§ Crawled caption data:
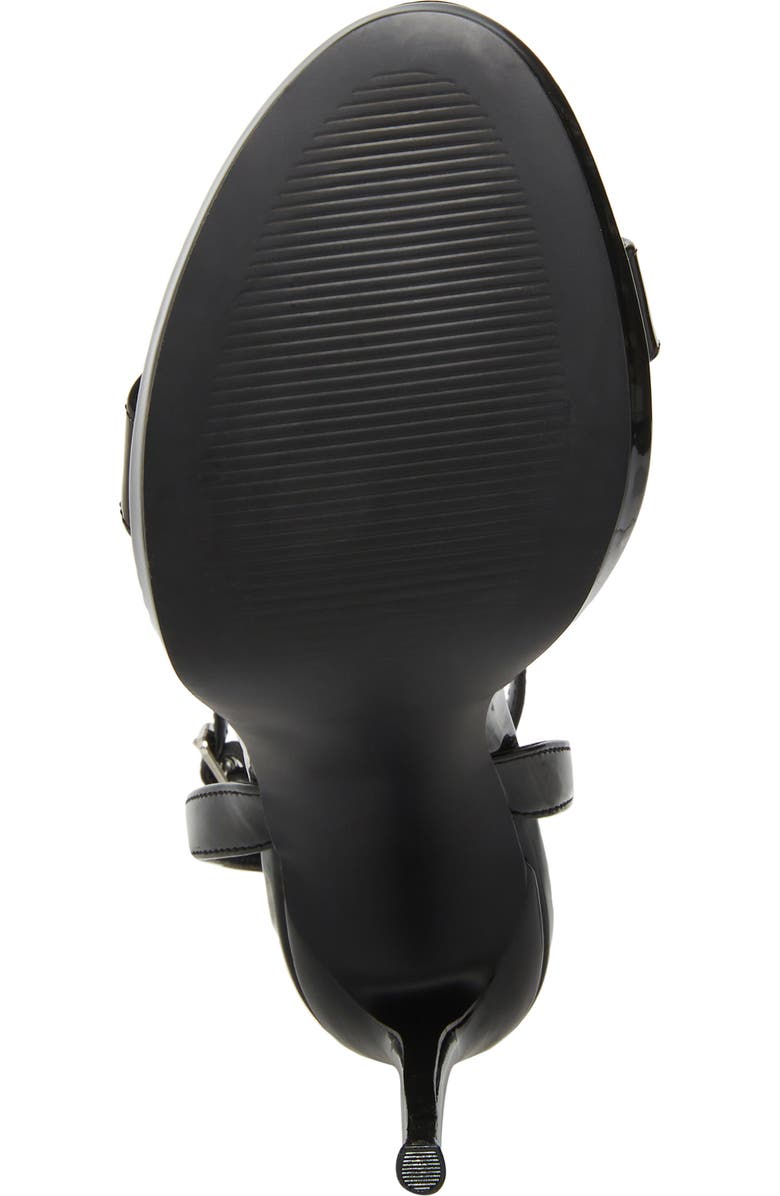 Steve Madden Wafer Ankle Strap Sandal, Alternate, color, Blk Patent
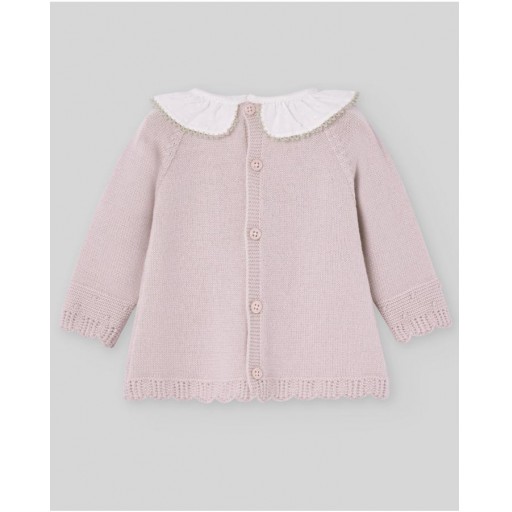 CONJUNTO JUBON Y POLAINA NIÑA ERIZOS MALVA TALLA 1 MES PAZ RODRIGUEZ [3]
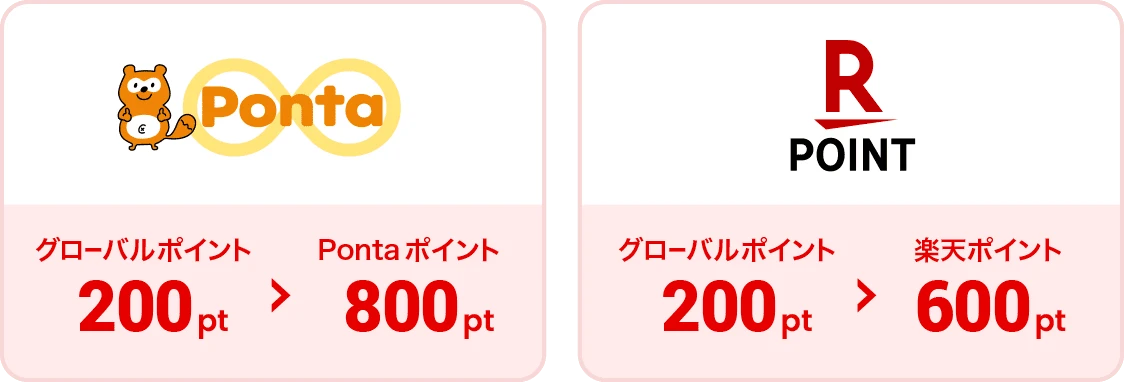 Ponta グローバルポイント200pt>Pontaポイント800pt RPOINT グローバルポイント200pt>楽天ポイント600pt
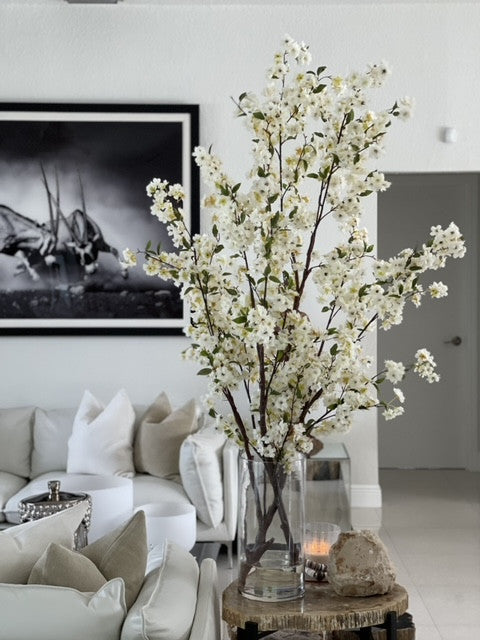 Fleurs de cerisier dans cylindre en verre 16"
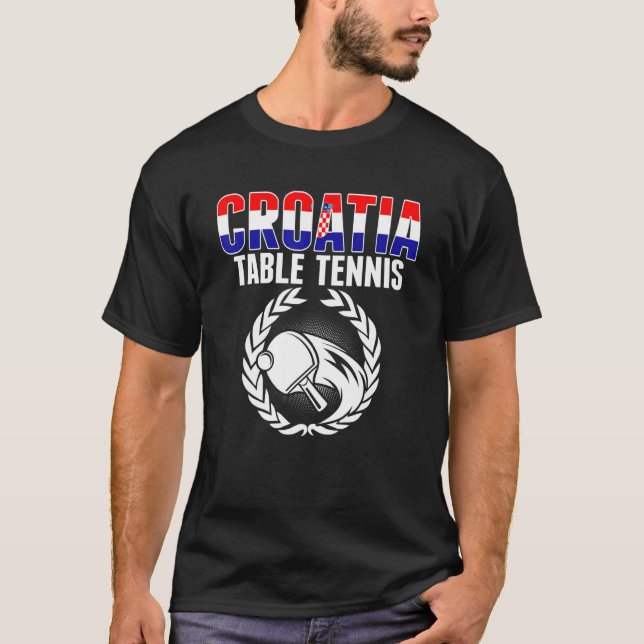 Croatia Table Tennis     Croatian Ping Pong Suppor T-Shirt (Front)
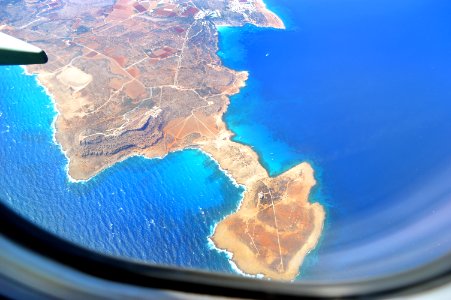 Landing in Cyprus: Cape Greco,  5 km. over sea.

§ Task item: Pictures are to be left out; all other data must be returned exactly.

§ Answer to the exercise:
 Steve Madden Wafer Ankle Strap Sandal, Alternate, color, Blk Patent
 CONJUNTO JUBON Y POLAINA NIÑA ERIZOS MALVA TALLA 1 MES PAZ RODRIGUEZ [3]
 Ponta グローバルポイント200pt>Pontaポイント800pt RPOINT グローバルポイント200pt>楽天ポイント600pt
 Fleurs de cerisier dans cylindre en verre 16"
 Croatia Table Tennis     Croatian Ping Pong Suppor T-Shirt (Front)
 Landing in Cyprus: Cape Greco,  5 km. over sea.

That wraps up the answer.